- _Task instructions_: Any image in the records should be left out; output everything else exactly.
━━━ Task data
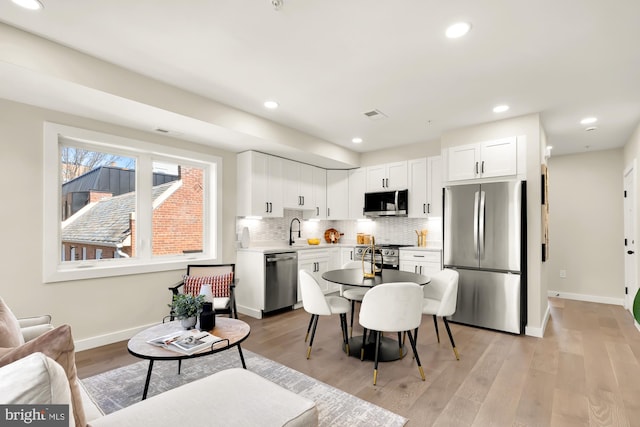 kitchen with a sink, stainless steel appliances, tasteful backsplash, and light wood-style flooring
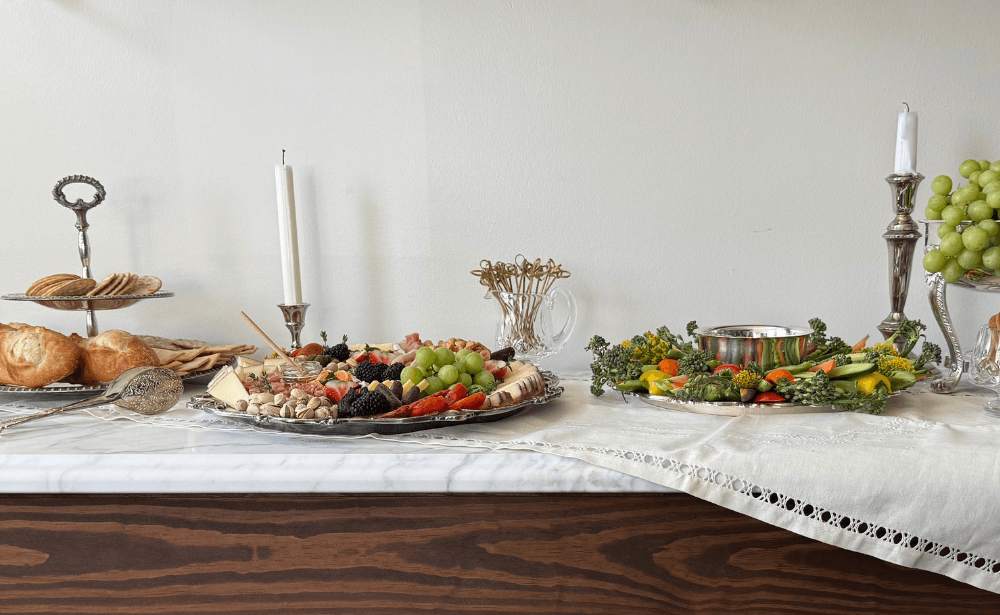 A beautifully arranged food spread featuring a cheese and fruit platter, pastries, and a vegetable display atop a white lace tablecloth.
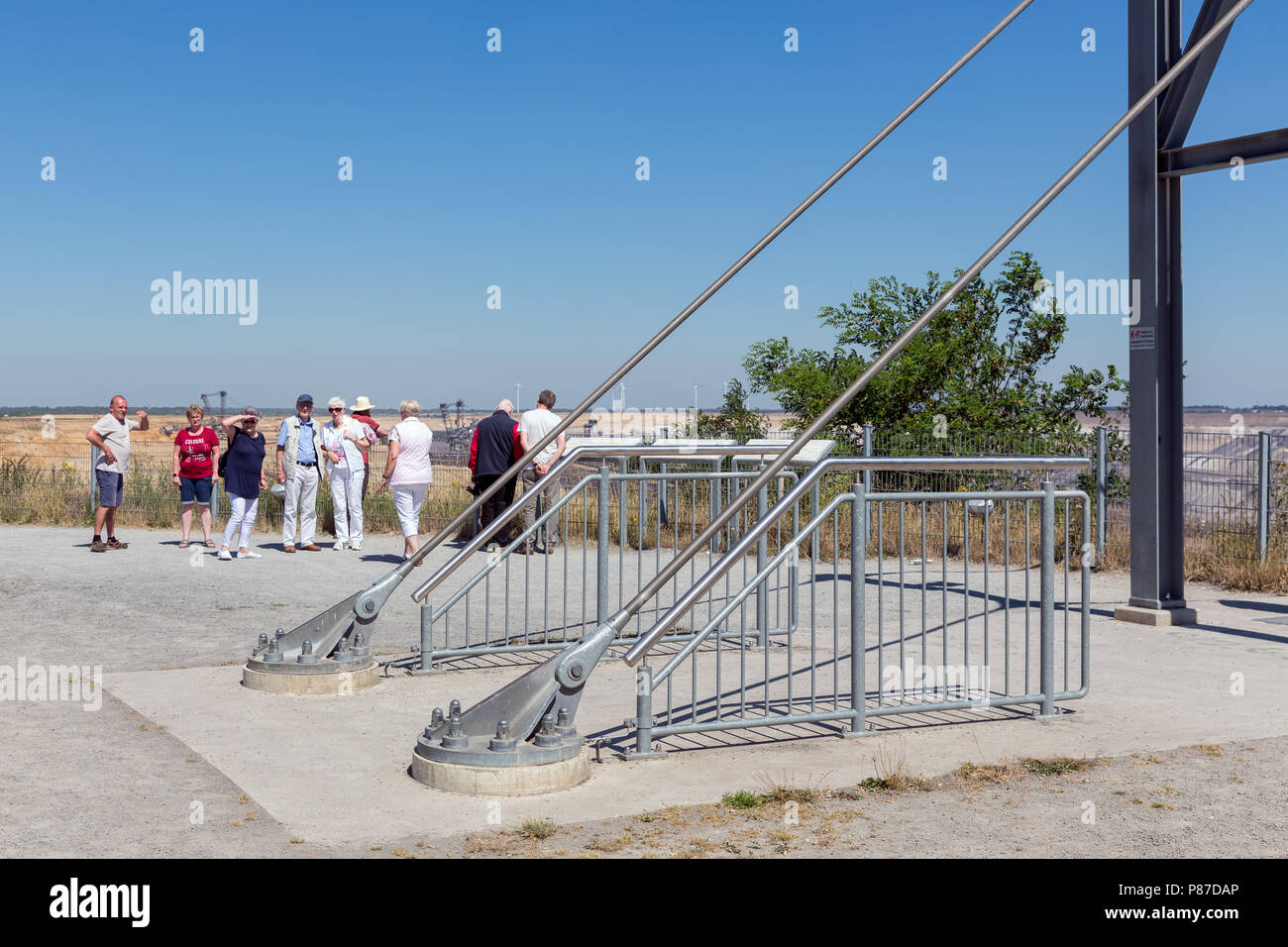 People visiting viewpoint with skywalk at Garzweiler brown-coal mine Germany Stock Photo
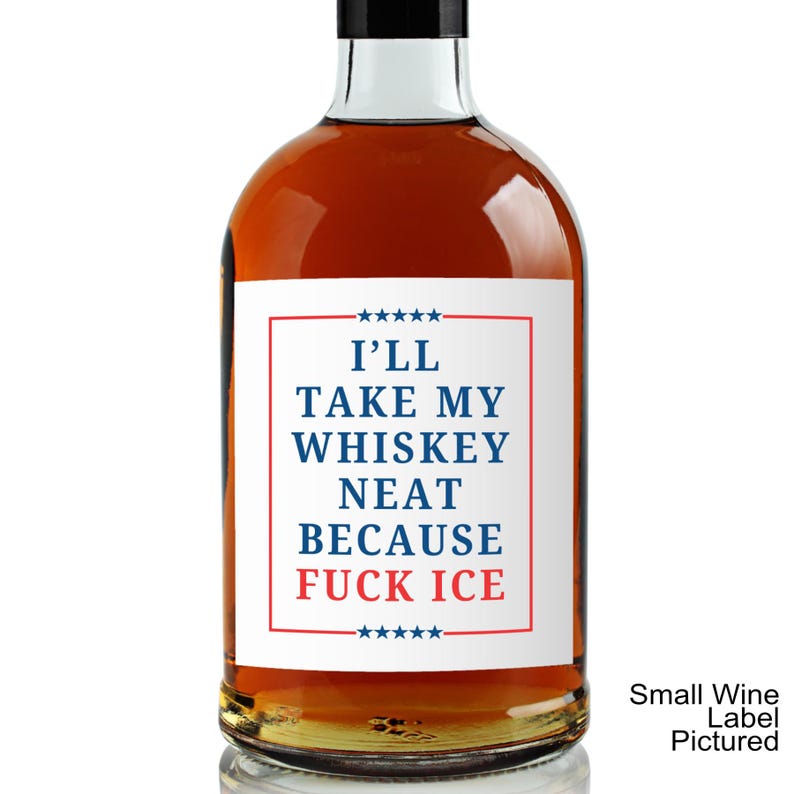 Puede incluir: Una botella de vidrio llena de l&iacute;quido &aacute;mbar con una etiqueta rectangular blanca con borde rojo y estrellas azules. El texto dice I'LL TAKE MY WHISKEY NEAT BECAUSE FUCK ICE en letras azules y rojas. La botella tiene una tapa negra.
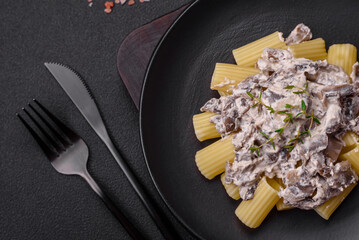 Delicious fresh pasta with champignon mushrooms in a creamy sauce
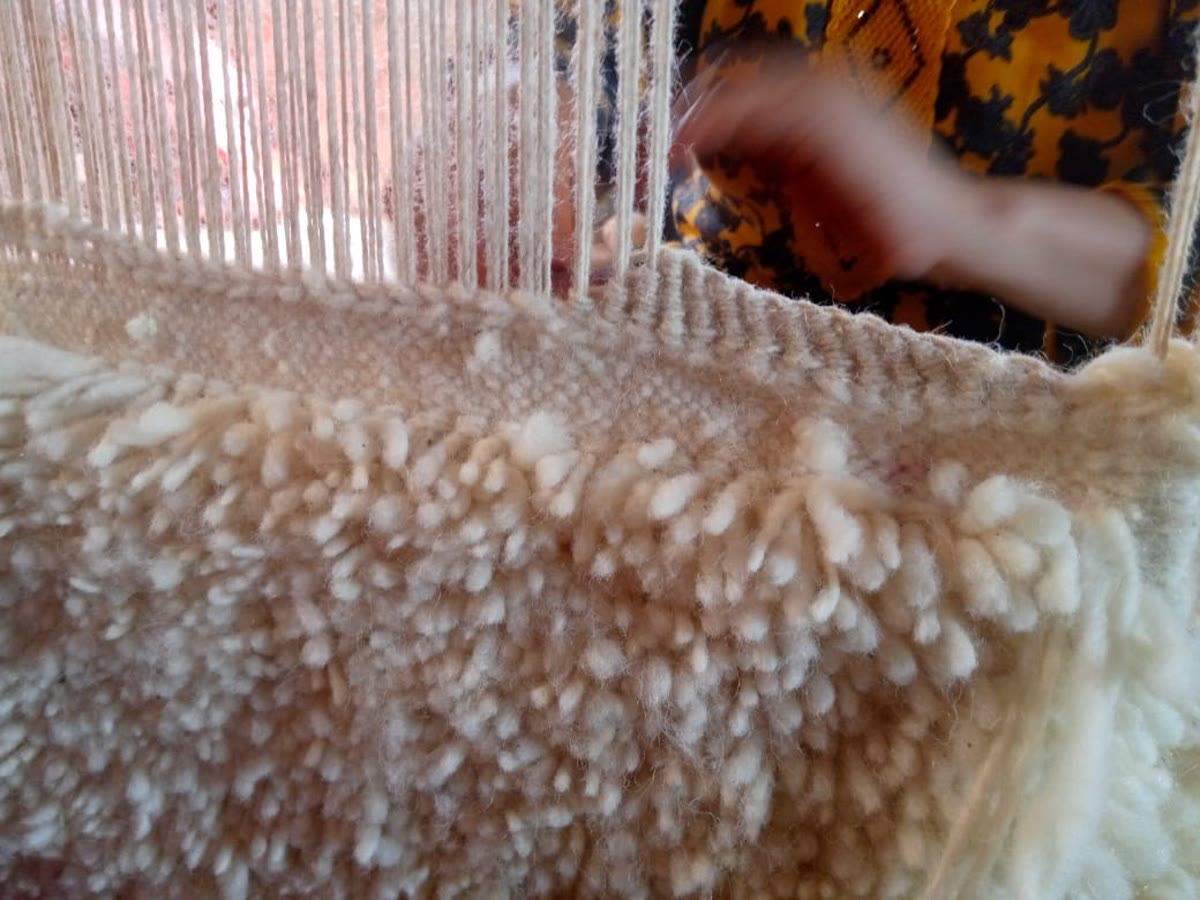 Close-up detail of Nestaground handmade rug texture and natural wool pile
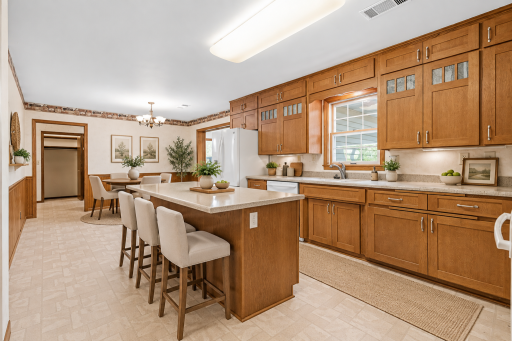 *Virtually staged* to showcase what it would be like with a small island added to the kitchen to add some casual dining and additional prep space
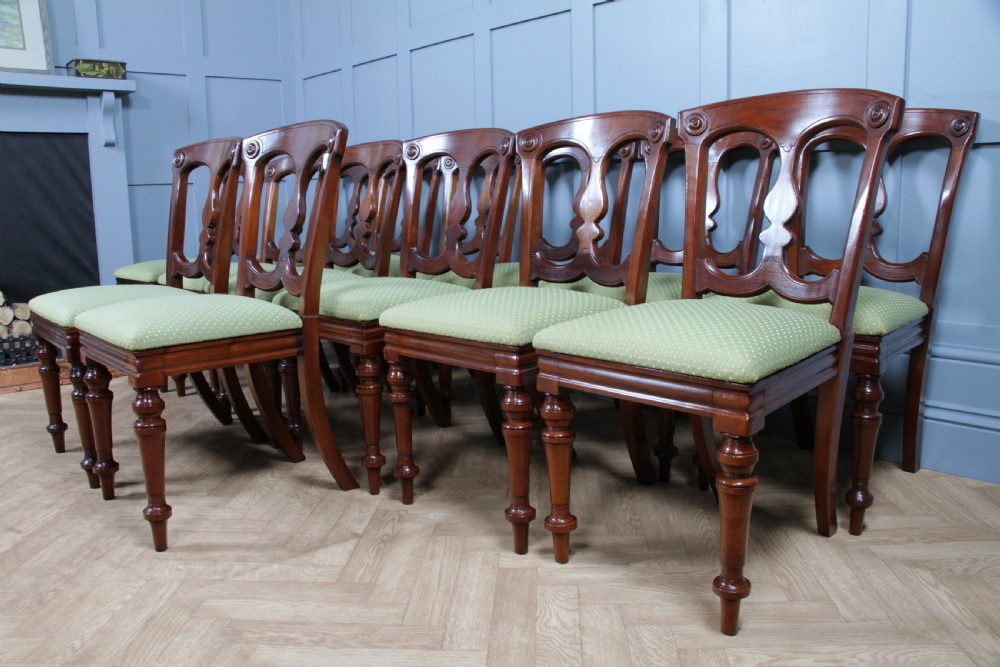 A set of fourteen Victorian mahogany dining chairs featuring carved crown splats, turned front legs, and green patterned upholstered seats. View XII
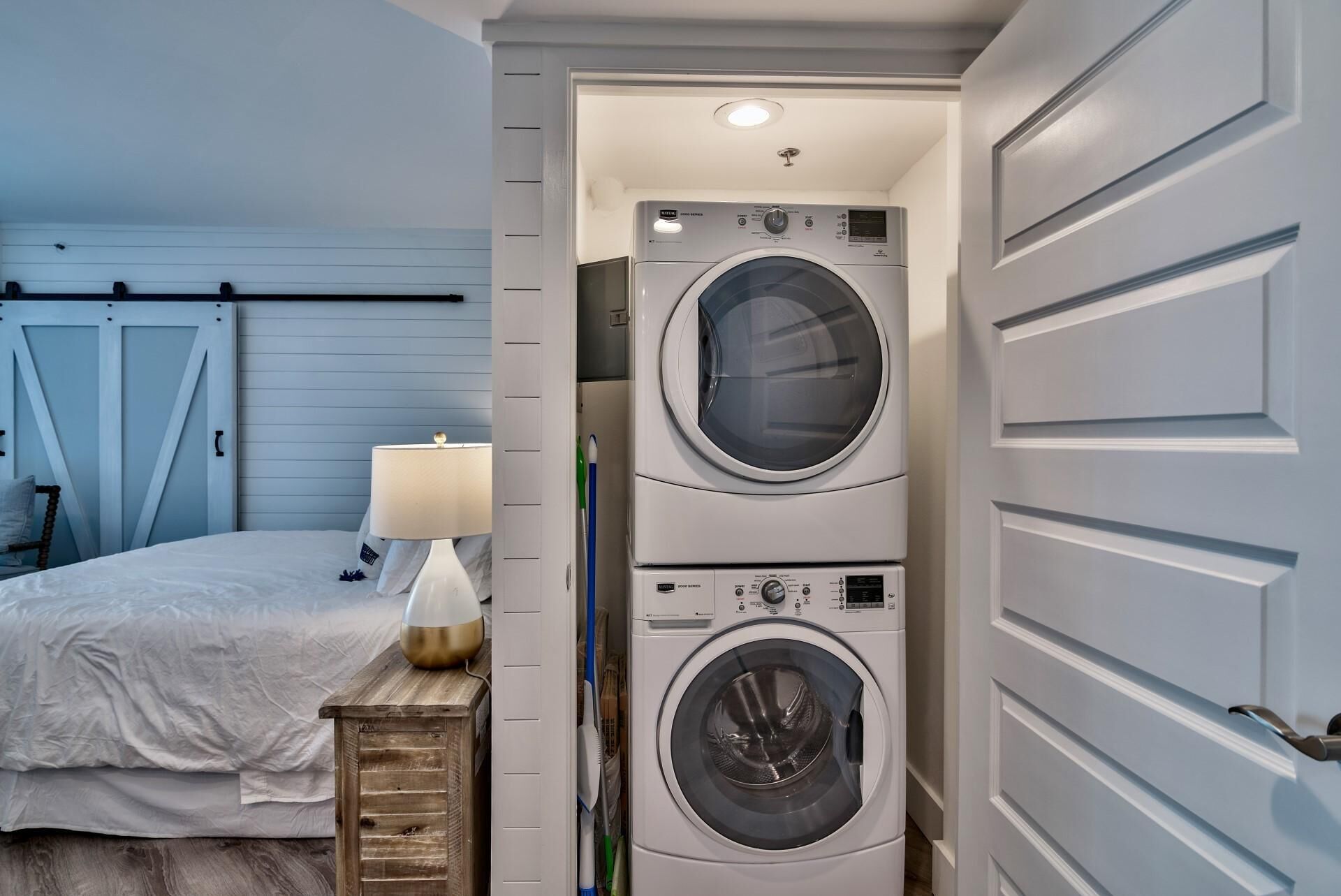 A laundry room with two stacked front-loading washing machines, a bed with white bedding, a wooden nightstand with a lamp, and a door with a handle.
━━━━━━
- _Result of the exercise_:
 kitchen with a sink, stainless steel appliances, tasteful backsplash, and light wood-style flooring
 A beautifully arranged food spread featuring a cheese and fruit platter, pastries, and a vegetable display atop a white lace tablecloth.
 People visiting viewpoint with skywalk at Garzweiler brown-coal mine Germany Stock Photo
 Puede incluir: Una botella de vidrio llena de l&iacute;quido &aacute;mbar con una etiqueta rectangular blanca con borde rojo y estrellas azules. El texto dice I'LL TAKE MY WHISKEY NEAT BECAUSE FUCK ICE en letras azules y rojas. La botella tiene una tapa negra.
 Delicious fresh pasta with champignon mushrooms in a creamy sauce
 Close-up detail of Nestaground handmade rug texture and natural wool pile
 *Virtually staged* to showcase what it would be like with a small island added to the kitchen to add some casual dining and additional prep space
 A set of fourteen Victorian mahogany dining chairs featuring carved crown splats, turned front legs, and green patterned upholstered seats. View XII
 A laundry room with two stacked front-loading washing machines, a bed with white bedding, a wooden nightstand with a lamp, and a door with a handle.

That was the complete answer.